When it comes to divorce, the woman's heart health is more negatively affected than the man's.
Researchers say that the psychological stress of a divorce can have serious physical effects on the heart, especially for women. Women who were divorced at least one time in their lives were 24% more likely to suffer from a heart attack than women who remained married. Those women who were divorced two or more times had a 77% risk. In a study published in the journal Circulation: Cardiovascular Quality and Outcomes, researchers found that men did not experience these similar risks. In fact, only men who have been divorced two or more times in their lives had an increased risk of heart attack. If men remarried, their heart attack risk didn't increase, while for women who remarried, their chances of suffering from a heart attack remained higher, at 35%, than that of divorced women.
The researchers adjusted the study for potential contributors to heart attack, including age, social factors such as changes in occupation and job status and health insurance coverage, and psychological factors that included BMI, hypertension and diabetes.

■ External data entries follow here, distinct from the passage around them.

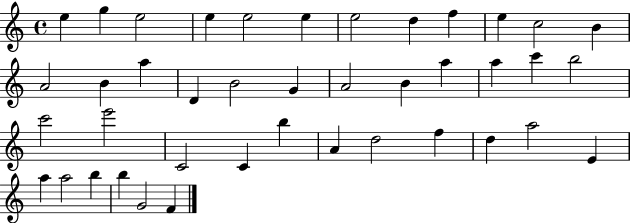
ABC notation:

X:1
T:Untitled
M:4/4
L:1/4
K:C
e g e2 e e2 e e2 d f e c2 B A2 B a D B2 G A2 B a a c' b2 c'2 e'2 C2 C b A d2 f d a2 E a a2 b b G2 F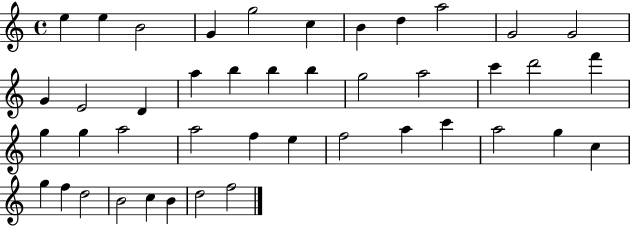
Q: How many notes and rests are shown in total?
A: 43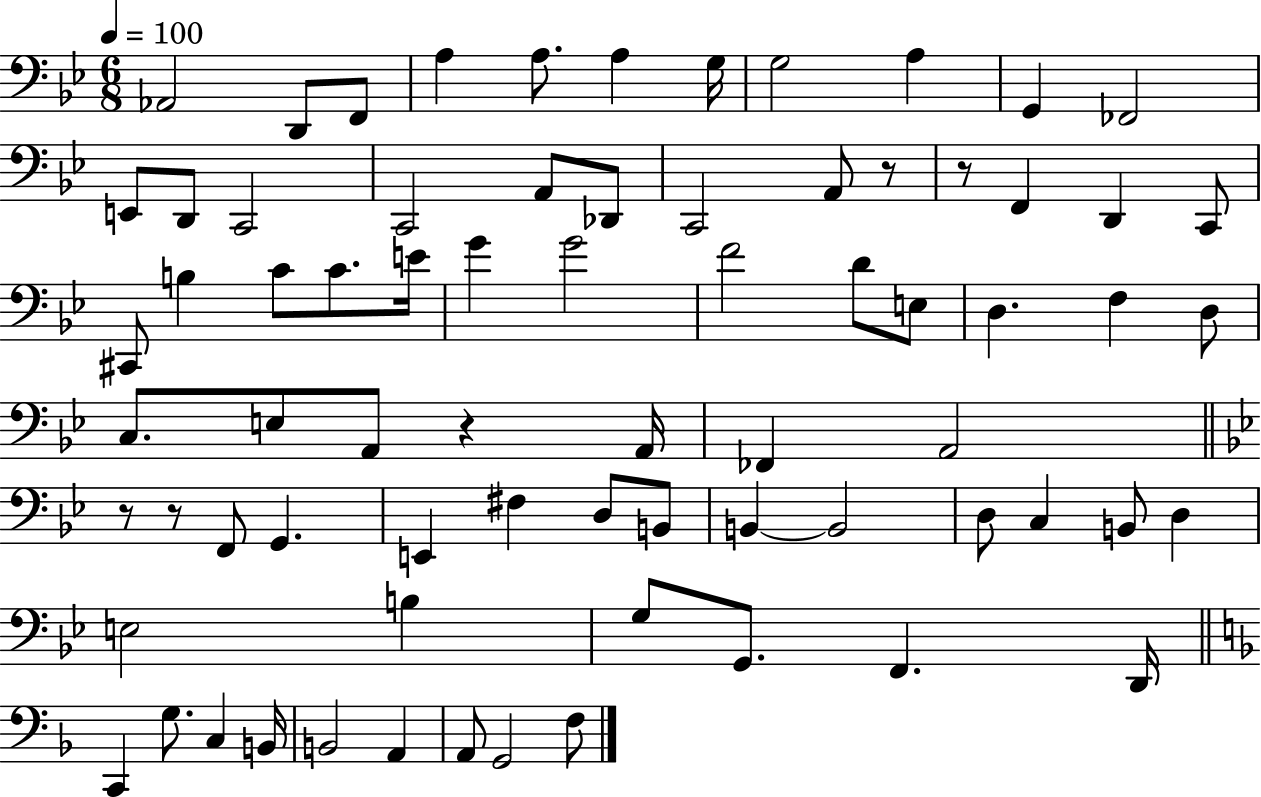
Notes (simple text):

Ab2/h D2/e F2/e A3/q A3/e. A3/q G3/s G3/h A3/q G2/q FES2/h E2/e D2/e C2/h C2/h A2/e Db2/e C2/h A2/e R/e R/e F2/q D2/q C2/e C#2/e B3/q C4/e C4/e. E4/s G4/q G4/h F4/h D4/e E3/e D3/q. F3/q D3/e C3/e. E3/e A2/e R/q A2/s FES2/q A2/h R/e R/e F2/e G2/q. E2/q F#3/q D3/e B2/e B2/q B2/h D3/e C3/q B2/e D3/q E3/h B3/q G3/e G2/e. F2/q. D2/s C2/q G3/e. C3/q B2/s B2/h A2/q A2/e G2/h F3/e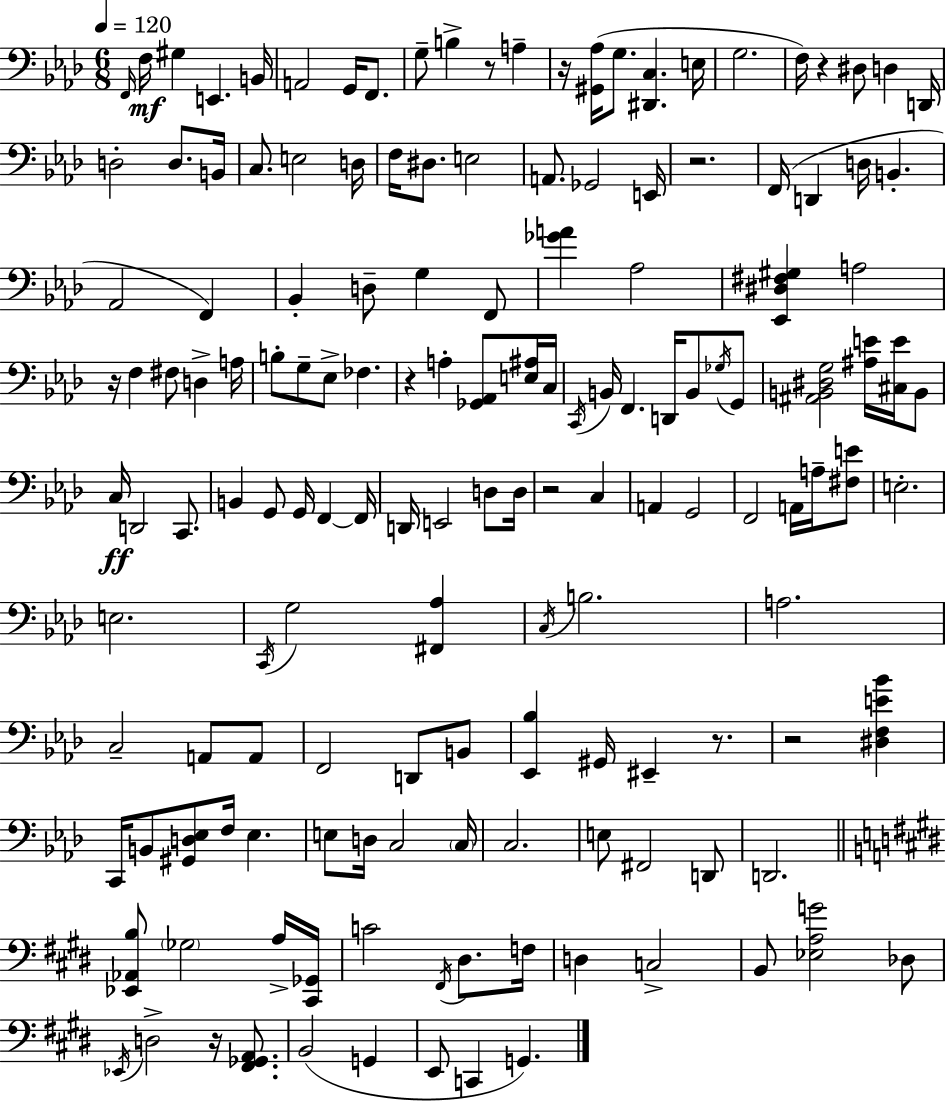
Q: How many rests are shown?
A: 10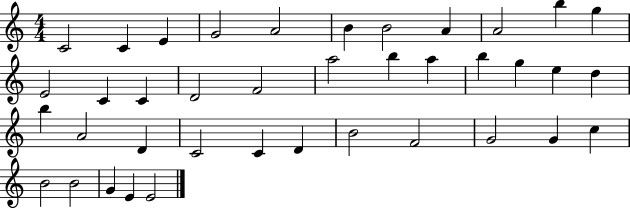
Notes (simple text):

C4/h C4/q E4/q G4/h A4/h B4/q B4/h A4/q A4/h B5/q G5/q E4/h C4/q C4/q D4/h F4/h A5/h B5/q A5/q B5/q G5/q E5/q D5/q B5/q A4/h D4/q C4/h C4/q D4/q B4/h F4/h G4/h G4/q C5/q B4/h B4/h G4/q E4/q E4/h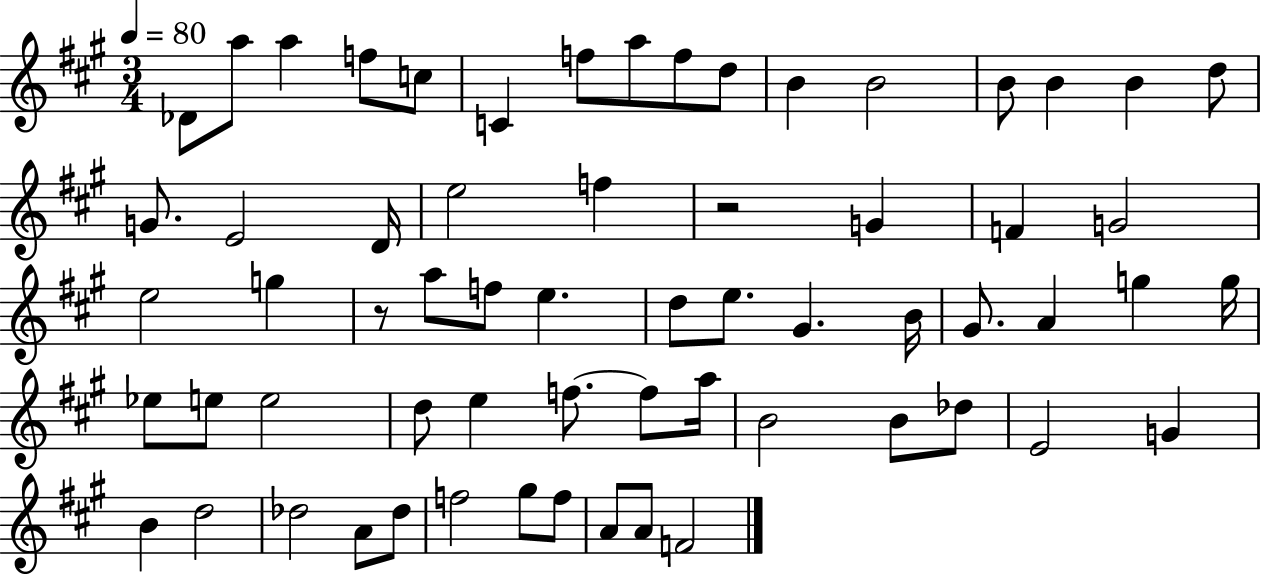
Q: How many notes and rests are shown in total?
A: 63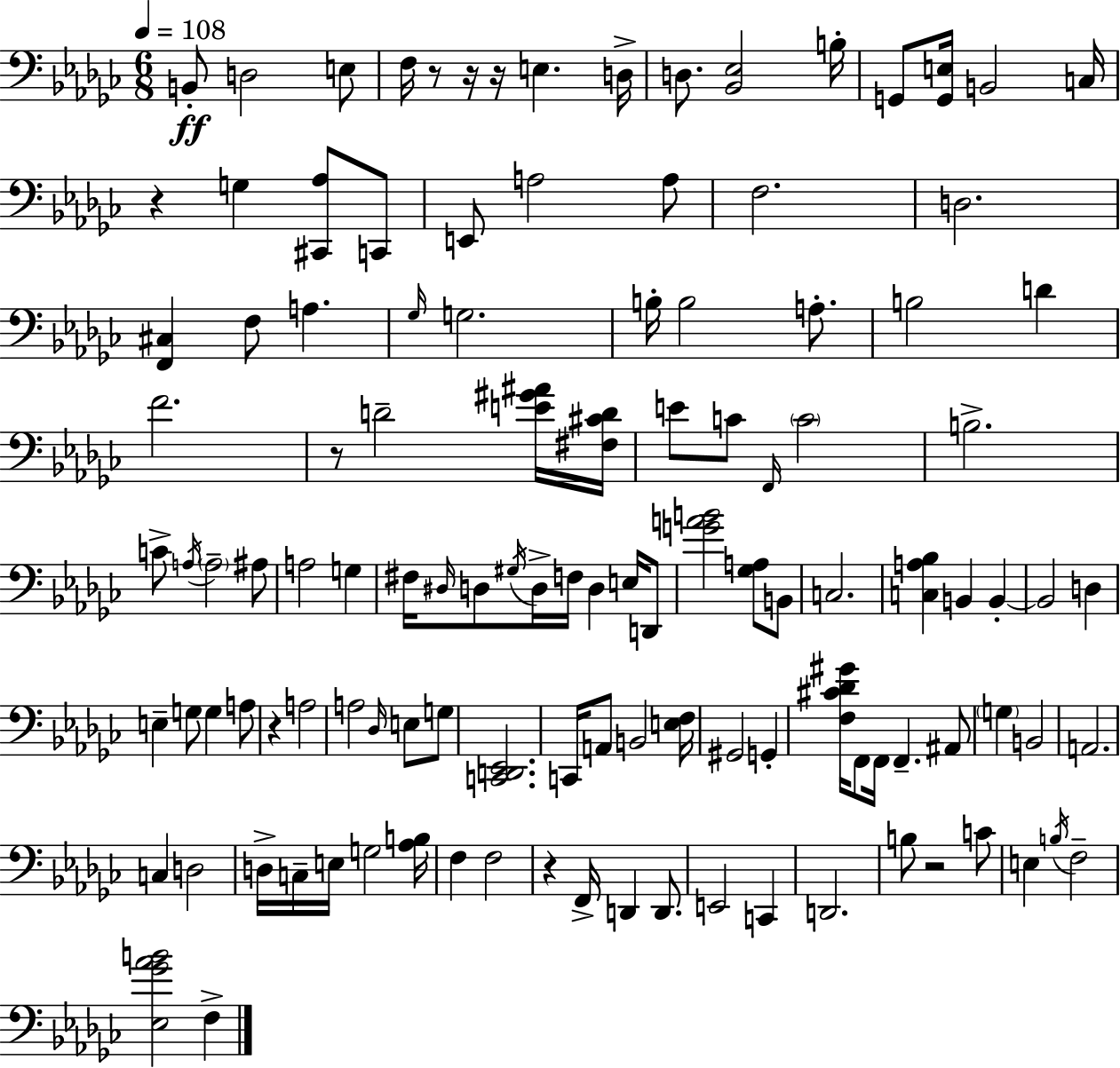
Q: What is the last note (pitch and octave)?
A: F3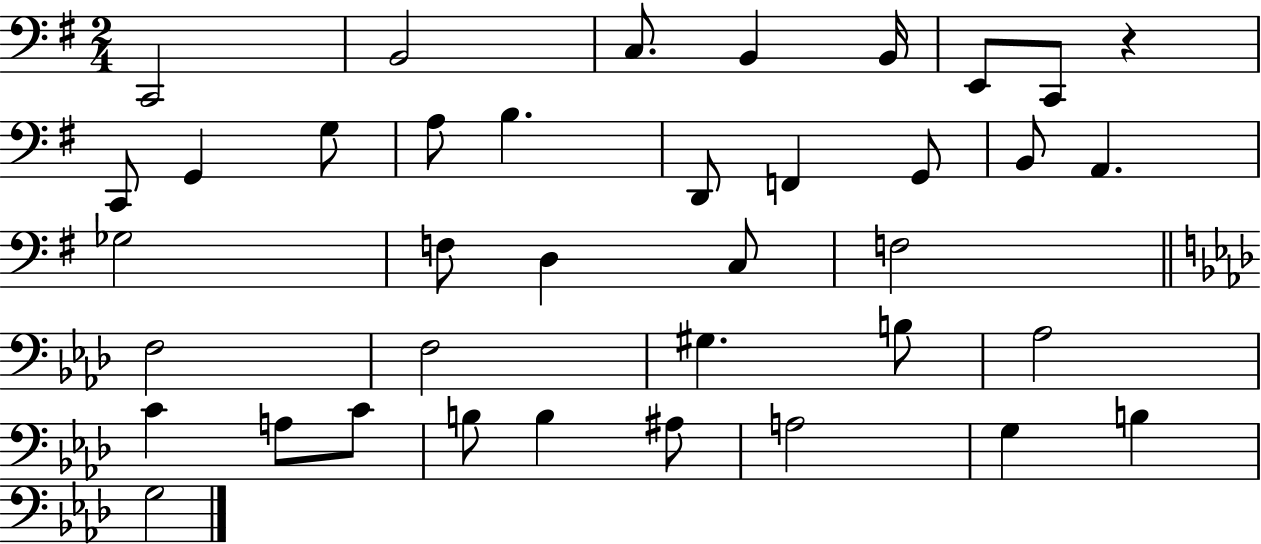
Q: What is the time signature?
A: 2/4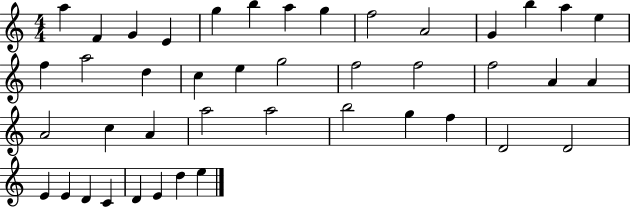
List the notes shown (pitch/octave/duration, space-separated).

A5/q F4/q G4/q E4/q G5/q B5/q A5/q G5/q F5/h A4/h G4/q B5/q A5/q E5/q F5/q A5/h D5/q C5/q E5/q G5/h F5/h F5/h F5/h A4/q A4/q A4/h C5/q A4/q A5/h A5/h B5/h G5/q F5/q D4/h D4/h E4/q E4/q D4/q C4/q D4/q E4/q D5/q E5/q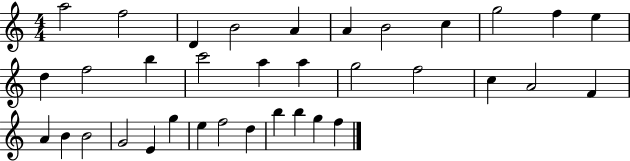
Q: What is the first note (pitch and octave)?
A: A5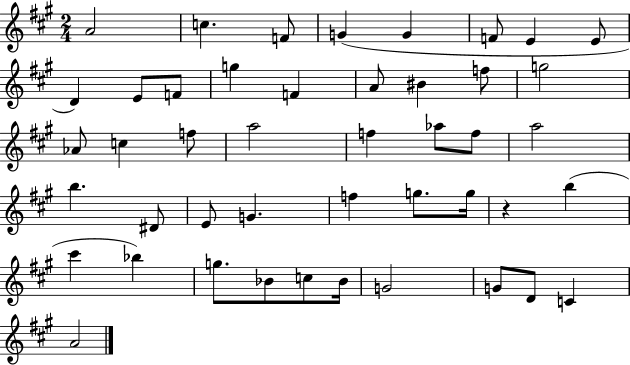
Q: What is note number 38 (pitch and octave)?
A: C5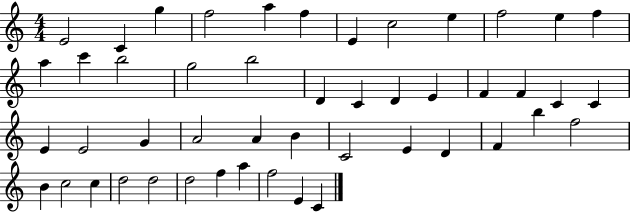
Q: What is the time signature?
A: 4/4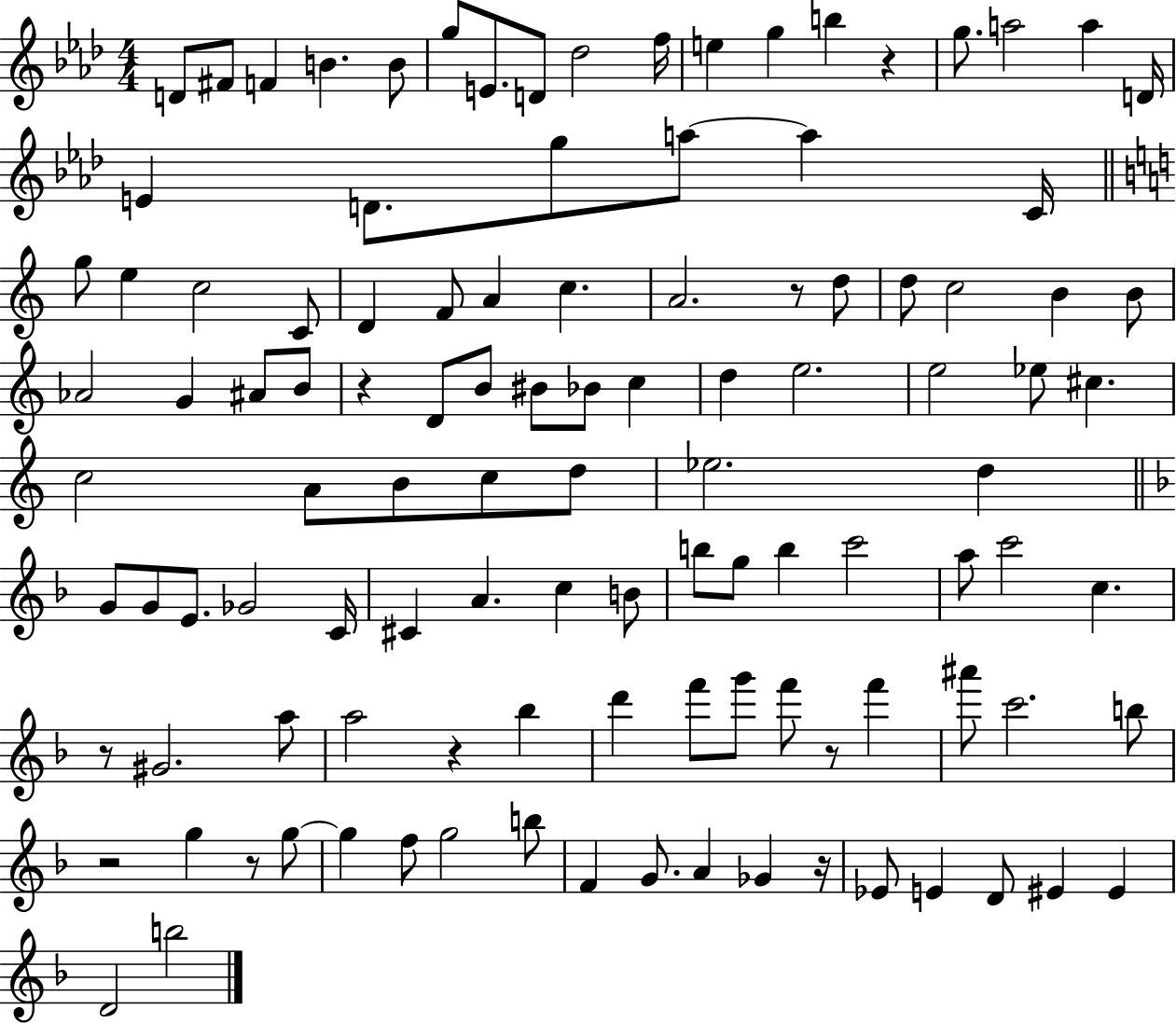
{
  \clef treble
  \numericTimeSignature
  \time 4/4
  \key aes \major
  \repeat volta 2 { d'8 fis'8 f'4 b'4. b'8 | g''8 e'8. d'8 des''2 f''16 | e''4 g''4 b''4 r4 | g''8. a''2 a''4 d'16 | \break e'4 d'8. g''8 a''8~~ a''4 c'16 | \bar "||" \break \key c \major g''8 e''4 c''2 c'8 | d'4 f'8 a'4 c''4. | a'2. r8 d''8 | d''8 c''2 b'4 b'8 | \break aes'2 g'4 ais'8 b'8 | r4 d'8 b'8 bis'8 bes'8 c''4 | d''4 e''2. | e''2 ees''8 cis''4. | \break c''2 a'8 b'8 c''8 d''8 | ees''2. d''4 | \bar "||" \break \key f \major g'8 g'8 e'8. ges'2 c'16 | cis'4 a'4. c''4 b'8 | b''8 g''8 b''4 c'''2 | a''8 c'''2 c''4. | \break r8 gis'2. a''8 | a''2 r4 bes''4 | d'''4 f'''8 g'''8 f'''8 r8 f'''4 | ais'''8 c'''2. b''8 | \break r2 g''4 r8 g''8~~ | g''4 f''8 g''2 b''8 | f'4 g'8. a'4 ges'4 r16 | ees'8 e'4 d'8 eis'4 eis'4 | \break d'2 b''2 | } \bar "|."
}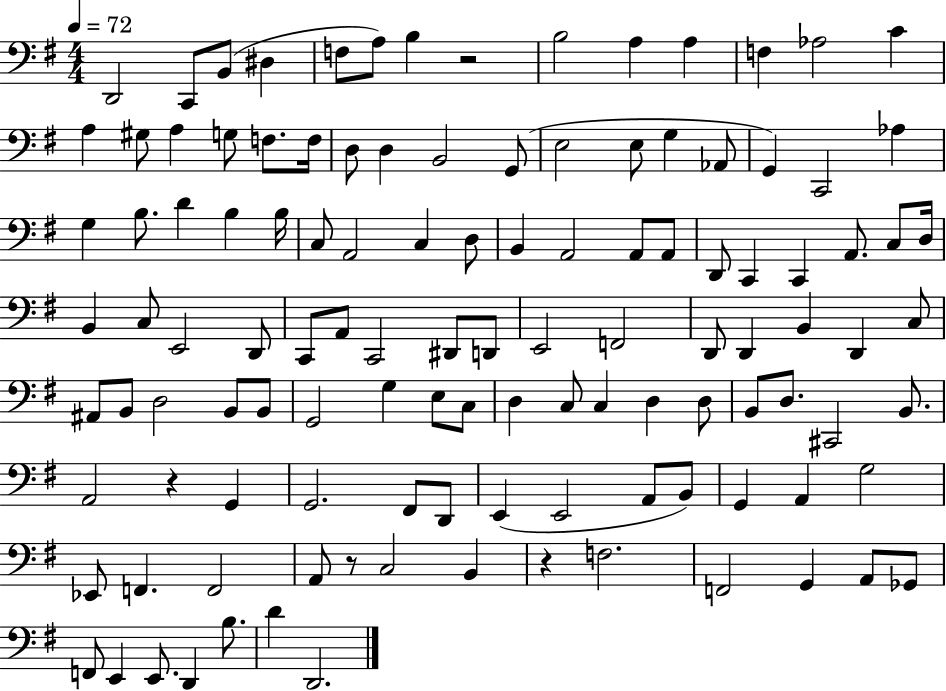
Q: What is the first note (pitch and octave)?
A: D2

These are the first results to ever track people for a longer period of time-18 years-that captured the overall effects of marital status. The study found that dramatic life changes like divorce signal an end to the relationship as well as stable financial and social circumstances, which can spike hormone cortisol, increasing blood pressure, cholesterol and blood sugar levels.
Understanding your risk is important. If you are concerned about your heart attack risk, see your doctor to discuss your risk and what you can do to prevent a heart attack.